# Task directions:
Write out the data exactly as given, dropping every picture.

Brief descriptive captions

BEGIN

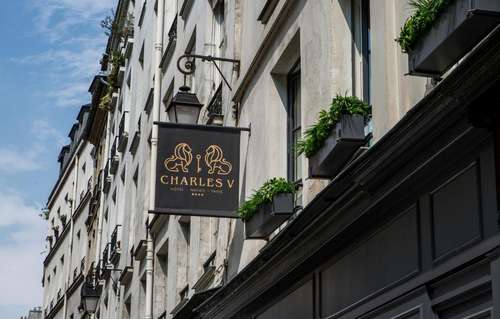 www.hotelcharlesv.fr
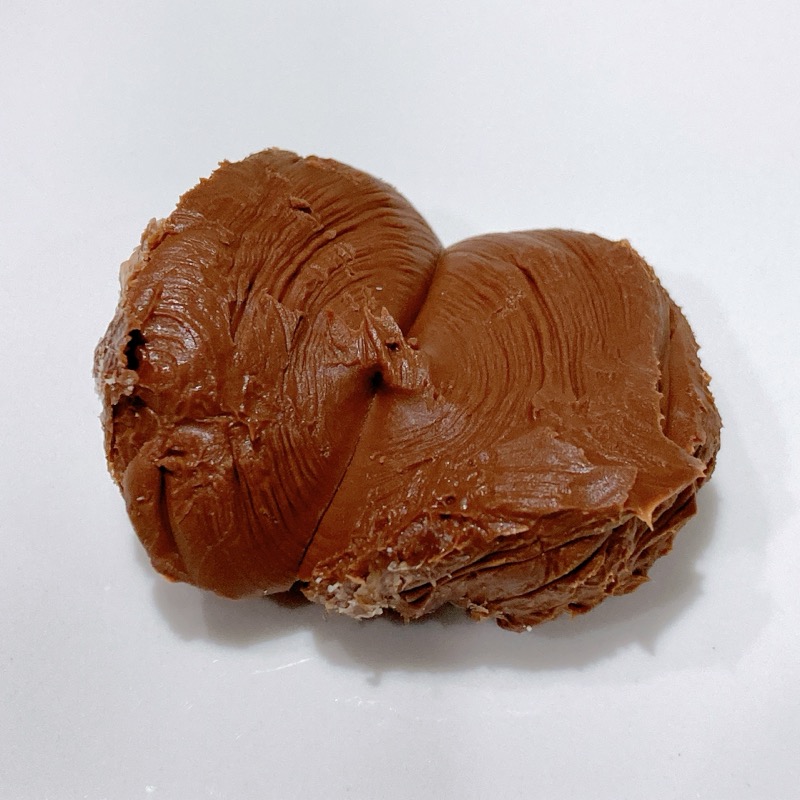 生チョコを包んだプチシュー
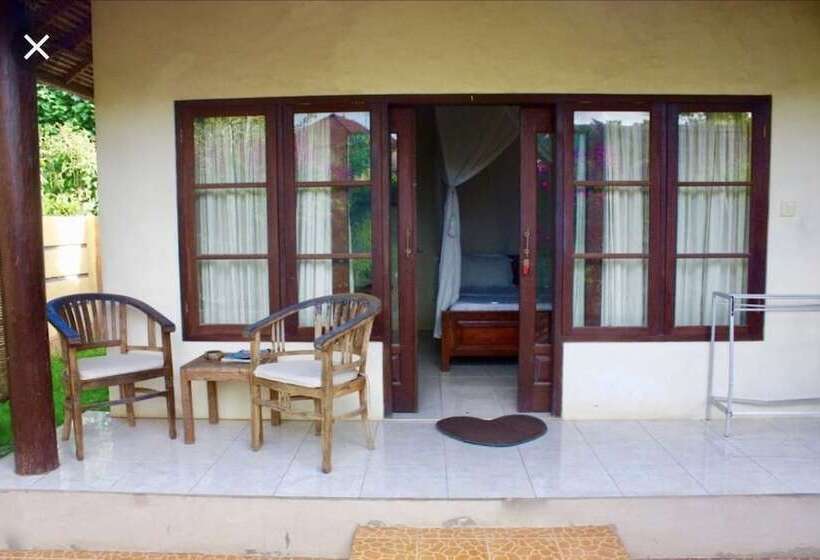 Pensione Romeo Beachfront Bungalow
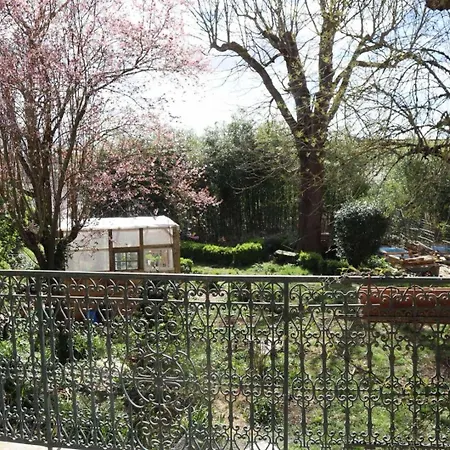 Agréables Avec Terrasse Sur Jardin Appartamento Caussade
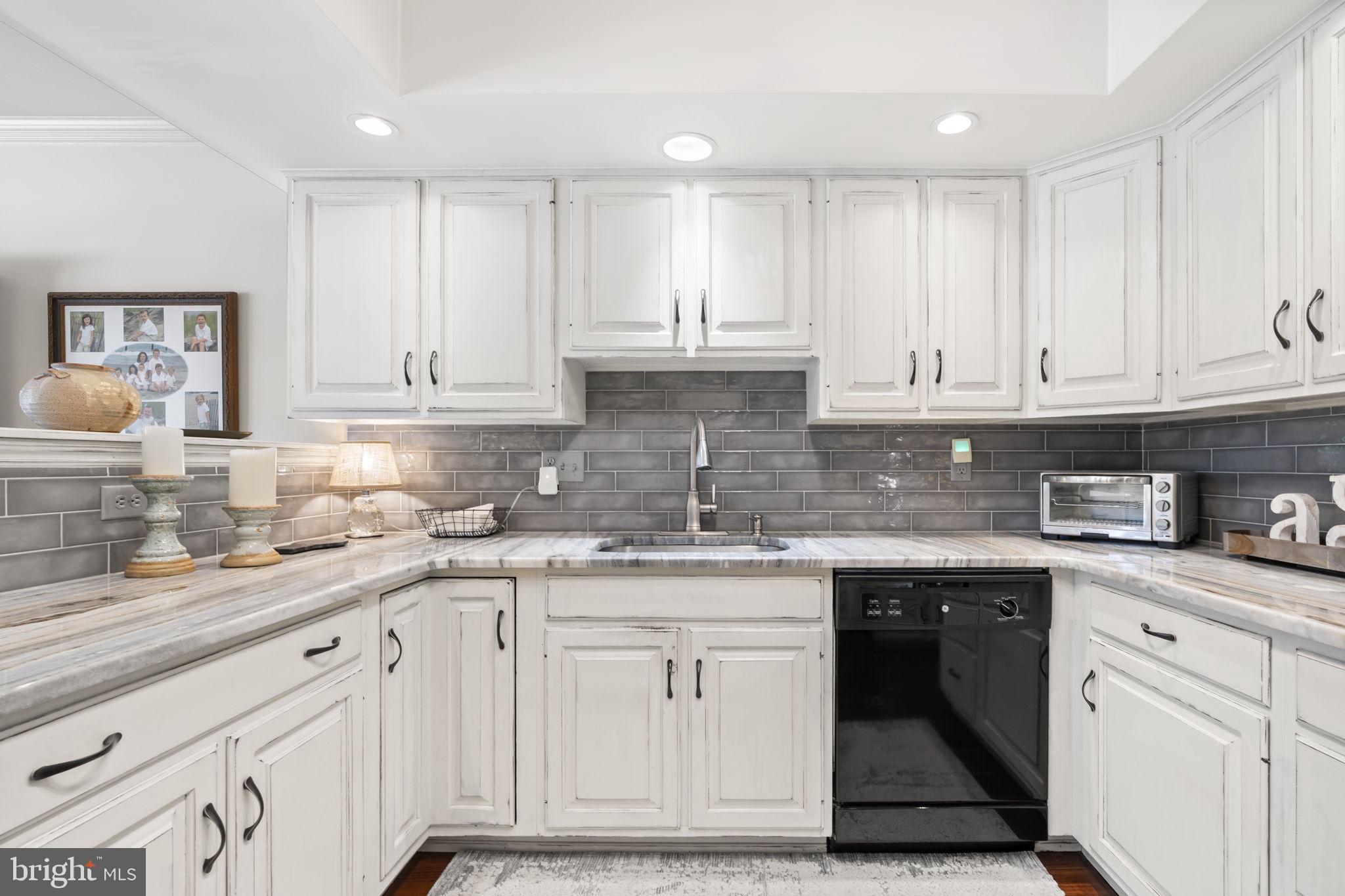 HERSHEYS MILL - Residential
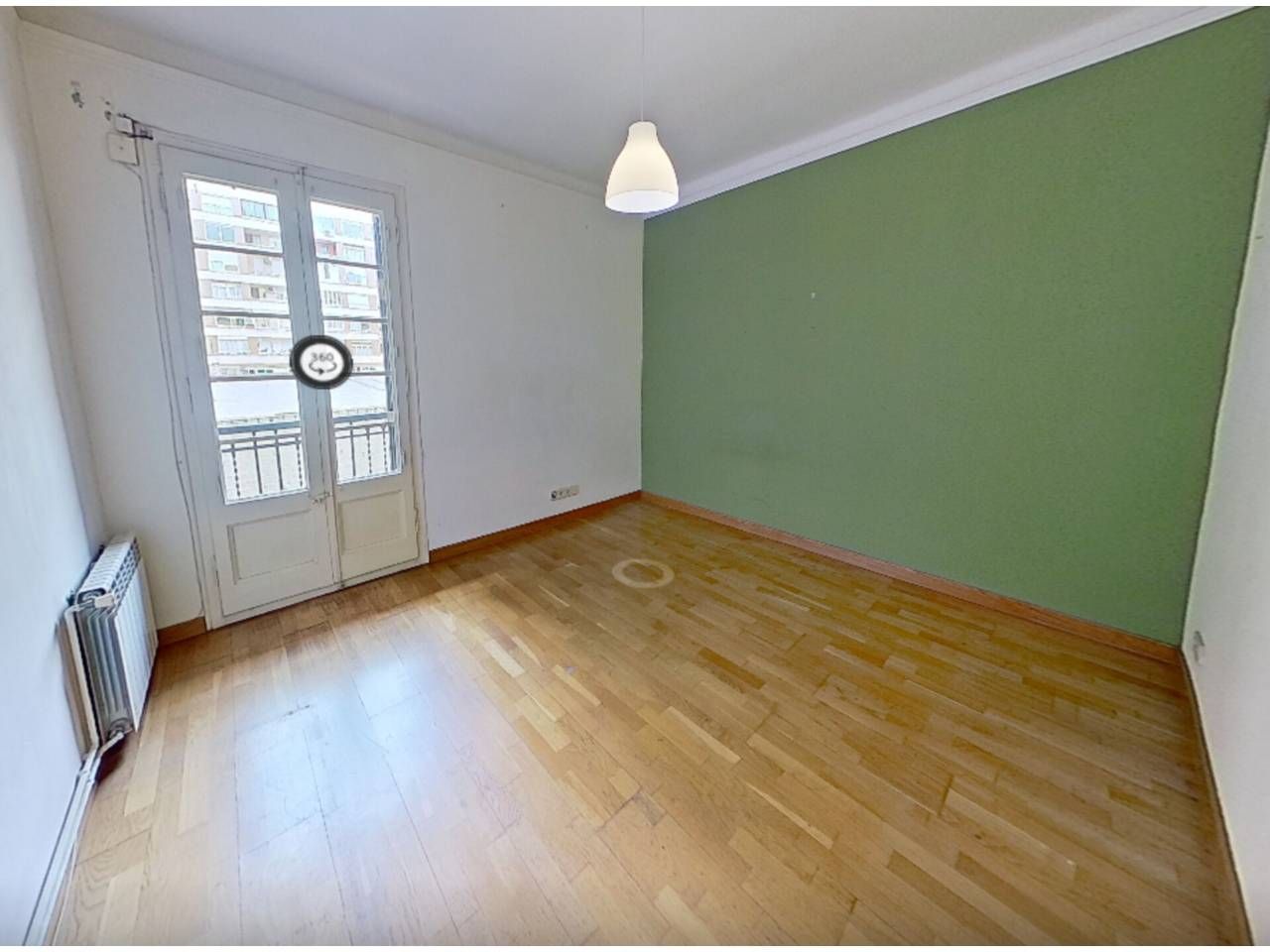 Dormitori de Pis en venda en  Barcelona Capital amb Balcó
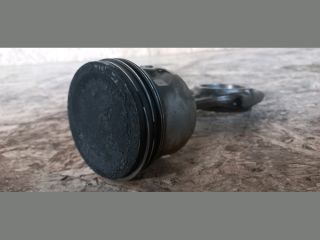 bontott VOLVO S80 Dugattyú és Hajtókar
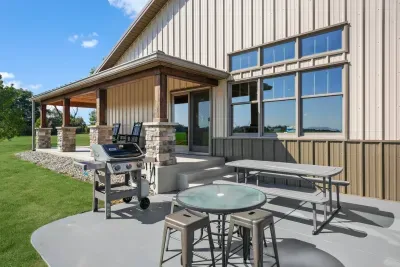 Marcellus, MI - Barn! Golf Sim/Theater/Slide/Hot Tub/Mini Golf/Bar - image 70 of 78
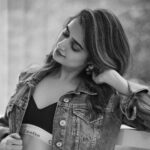 Ashika Ranganath Instagram - Denim affair 💙 Shot by @sandeep.mv Make up @urjapatel_artistry Hair @paramesh_hairstylist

END

# Expected output:
 www.hotelcharlesv.fr
 生チョコを包んだプチシュー
 Pensione Romeo Beachfront Bungalow
 Agréables Avec Terrasse Sur Jardin Appartamento Caussade
 HERSHEYS MILL - Residential
 Dormitori de Pis en venda en  Barcelona Capital amb Balcó
 bontott VOLVO S80 Dugattyú és Hajtókar
 Marcellus, MI - Barn! Golf Sim/Theater/Slide/Hot Tub/Mini Golf/Bar - image 70 of 78
 Ashika Ranganath Instagram - Denim affair 💙 Shot by @sandeep.mv Make up @urjapatel_artistry Hair @paramesh_hairstylist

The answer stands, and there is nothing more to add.